Neanderthals, who lived in Europe hundreds of thousands of years before Homo sapiens arrived, also likely made clothing to survive the cold winter. Archaeologists have found polished fragments of deer ribs resembling modern hide-working tools called lissoirs, which are used to burnish leather. Using a modern bone to smooth dry hide, experts were able to re-create the same microscopic patterns of tool wear. “The lissoirs are good evidence for working of leather,” Shannon McPherron, an archaeologist at the Max Planck Institute for Evolutionary Anthropology who studied the Neanderthal tools, told me in an email—but no one can prove how Neanderthals actually used them, beyond the analogy with contemporary leather tools. And indeed, interpreting any of the ancient-tool evidence is challenging for this reason: We can demonstrate how they might have been used for clothing, but we cannot prove how they were used.

Absent physical evidence of early clothing, archaeologists have also approached its origins in a different way, by asking when humans started needing clothing.

Early humans probably first lost their fur in the arid environment of Africa, where heat—not cold—was the most pressing concern. Moving in the heat only generated more heat, which we counteracted with sweating.

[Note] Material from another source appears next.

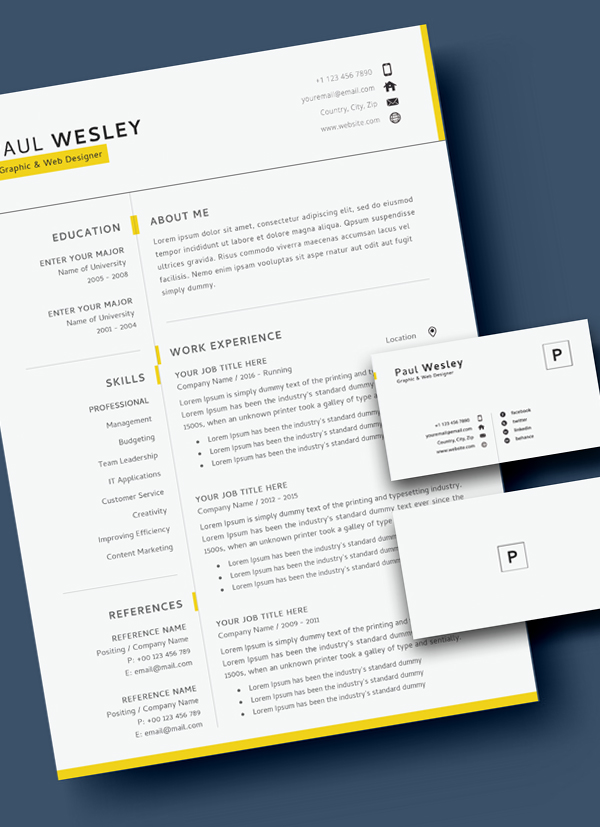 Free Resume Template & Cover Letter (PSD) + Business Card - 4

The evaporation of moisture off our skin cools the underlying blood, a strategy that works so well that humans evolved into prodigious sweaters. “We have 10 times as many sweat glands per area as a chimpanzee,” says Daniel Lieberman, a paleoanthropologist at Harvard. “And we lost our fur.” The hair on our body became fine and short, unable to trap much heat or moisture. Our bare skin really is a key part of sweating: In a classic 1950s study, scientists found that shaved camels readily sweat 60 percent more than unshorn ones.

But this adaptation that served early humans so well in the heat became a maladaptation in Europe during the Ice Age, which ended only about 10,000 years ago. Even Neanderthals, who were likely better adapted to the cold with their broader chests and shorter limbs, could not have survived naked. According to one modeling study, Neanderthals would have needed to cover up to 80 percent of their body. Yet they seem to have made do with just simple clothing, such as animal skins turned into shawls or loincloths, says Gilligan, an honorary associate at the  University of Sydney who examines the origin of clothing.

Gilligan draws a key distinction between simple, draped clothing and complex, fitted clothing, such as pants and shirts with enclosed legs and arms. Simple clothing is a primitive form of portable thermal protection. “But it’s not very good, for example, with windchill,” he told me. Fitted clothing is warmer but more difficult to make, requiring new tools such as awls or eyed needles. These sewing tools have never been found in Neanderthal sites. But Homo sapiens did make the leap to fitted clothing. The oldest eyed needles likely used by Homo sapiens were unearthed from sites 40,000 years or older in Russia; they’ve also been found in China dating back some 30,000 years.

As the Ice Age receded some 10,000 years ago, the thermal function of clothing became less paramount. Animal furs and skins, in fact, would have been too hot in the newly warm and humid interglacial summers. But clothing had by then taken on a social significance, Gilligan said, and humans in need of cooler clothing turned to lighter material made of woven fibers—a.k.a. cloth. He argues that this demand for clothing fibers ultimately helped push humanity toward agriculture. This argument is provocative though unproved, but climate and clothing are indeed intimately linked in their long history. For his part, Gilligan told me, he doesn’t really care about the modern stuff: “I dread having to shop for clothes. I tend to wear them until they fall apart.” What interests him is how clothing seems uniquely human, and how it sets us apart from even our closest animal relatives.